··· RECORDS SUPPLIED
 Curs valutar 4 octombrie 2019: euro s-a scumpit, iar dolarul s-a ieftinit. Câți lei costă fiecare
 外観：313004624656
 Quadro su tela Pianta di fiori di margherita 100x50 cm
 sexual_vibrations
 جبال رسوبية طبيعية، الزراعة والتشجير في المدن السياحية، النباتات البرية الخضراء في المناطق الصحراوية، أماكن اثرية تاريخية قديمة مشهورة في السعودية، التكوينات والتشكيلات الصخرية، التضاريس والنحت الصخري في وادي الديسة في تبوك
······
··· RECORDS SUPPLIED
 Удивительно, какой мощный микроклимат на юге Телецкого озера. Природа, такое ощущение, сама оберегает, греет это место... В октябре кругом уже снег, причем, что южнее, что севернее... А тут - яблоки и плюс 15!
······
An exact copy of the lines above between the line holding "Curs valutar 4" and the line holding "sexual_vibrations", inclusive, is the whole answer.

• [COMPLETED EXERCISE]:
 Curs valutar 4 octombrie 2019: euro s-a scumpit, iar dolarul s-a ieftinit. Câți lei costă fiecare
 外観：313004624656
 Quadro su tela Pianta di fiori di margherita 100x50 cm
 sexual_vibrations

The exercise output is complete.